Amritam Putatunda
Technical Product Manager

Why Cloud Providers Recommend Table-Top DDoS Simulation

May 7, 2018 by Amritam Putatunda

Providing a platform for storage, networking, and compute without owning a single piece of hardware, cloud is a lure for IT personnel across the globe. It’s not surprising to see rapid adoption of public cloud around the world. The comprehensive benefits of cloud adoption have been discussed and elaborated in thousands of different blogs, so instead, I will focus this blog on ensuring secure and resilient clouds specifically from the point of distributed denial of service (DDoS) attacks. 

Unique Challenges of DDoS Attacks in Cloud 

Certain features of cloud networking make it easier for DDoS attacker to cause maximum harm to their targets. The way cloud services are scaled and billed, and the proliferation of Internet-connected smart devices fall into this category:

Cloud Elasticity: On-demand scalability is a great promise of the cloud, where key resources like storage, compute, or networking can scale elastically based on need. Unfortunately, this also makes it easier for attackers to target the bandwidth or the memory of a cloud network. They can generate a massive bandwidth or memory attack and the cloud provider will elastically increase the resources to service the increased volume. 

The Billing Damage: A cloud customer incurs a cost every time they use the compute, networking, or storage resources of the cloud. A massive DDoS attack can create a significant rise in the use of those resources, hitting the customer with a huge bill from their cloud providers. Although in many cases the cloud service providers do provide protection along with elasticity, this doesn’t absolve the user from their responsibility to ensure attack protection. 

Internet of Things (IoT) Scale: For an attacker, it has become incredibly easy to find new bots to generate attacks. Malware like Mirai have shown how IoT devices can be easily compromised to become DDoS bots. Similarly, mass vulnerabilities like Wannacry can also help attackers gain a large number of bots quickly. 

Most cloud vendors emphasize the shared responsibility to secure applications deployed in the cloud. The shared responsibility can be loosely translated as the cloud provider letting the customers know that, even though they will take some steps to provide security, that doesn’t absolve the customer from a shared responsibility. 

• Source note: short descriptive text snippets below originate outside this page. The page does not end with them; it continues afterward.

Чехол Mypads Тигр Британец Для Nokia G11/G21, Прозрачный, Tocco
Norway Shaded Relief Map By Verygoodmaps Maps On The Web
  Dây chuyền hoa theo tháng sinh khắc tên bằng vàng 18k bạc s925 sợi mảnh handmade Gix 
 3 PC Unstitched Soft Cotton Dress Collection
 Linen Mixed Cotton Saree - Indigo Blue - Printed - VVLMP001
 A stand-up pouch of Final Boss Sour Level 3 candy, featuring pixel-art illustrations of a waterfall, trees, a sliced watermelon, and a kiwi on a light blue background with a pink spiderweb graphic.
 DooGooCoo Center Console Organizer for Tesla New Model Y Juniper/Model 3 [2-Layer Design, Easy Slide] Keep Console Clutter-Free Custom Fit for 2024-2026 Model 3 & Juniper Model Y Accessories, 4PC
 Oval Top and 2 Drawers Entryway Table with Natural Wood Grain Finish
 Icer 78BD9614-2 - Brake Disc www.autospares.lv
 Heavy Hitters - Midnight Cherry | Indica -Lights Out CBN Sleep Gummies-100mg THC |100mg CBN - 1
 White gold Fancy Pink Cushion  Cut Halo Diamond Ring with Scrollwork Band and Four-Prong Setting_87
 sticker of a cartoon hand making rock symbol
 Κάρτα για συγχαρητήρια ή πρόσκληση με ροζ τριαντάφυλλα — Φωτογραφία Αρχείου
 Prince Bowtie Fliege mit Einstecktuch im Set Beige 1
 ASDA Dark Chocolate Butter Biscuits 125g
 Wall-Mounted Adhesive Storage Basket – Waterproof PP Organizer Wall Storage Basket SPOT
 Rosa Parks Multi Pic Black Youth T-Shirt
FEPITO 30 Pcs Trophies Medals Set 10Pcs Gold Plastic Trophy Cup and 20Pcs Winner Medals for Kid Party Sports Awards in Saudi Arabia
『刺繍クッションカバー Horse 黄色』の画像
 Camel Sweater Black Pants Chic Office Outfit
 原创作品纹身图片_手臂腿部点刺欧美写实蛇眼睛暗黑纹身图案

While cloud service providers enable their customers to build applications on a secure infrastructure and provide built-in cloud security services (network security groups, web application firewall, DDoS protection services, etc.), it is the customer’s responsibility to select appropriate mitigation services and ensure they are properly configured and activated. Additionally, multiple security vendors provide security solutions such as network security appliances or software as a service (SaaS) that can replace, enhance, or extend the built-in cloud services. Each security model has unique benefits that result in sometimes significantly different cost levels.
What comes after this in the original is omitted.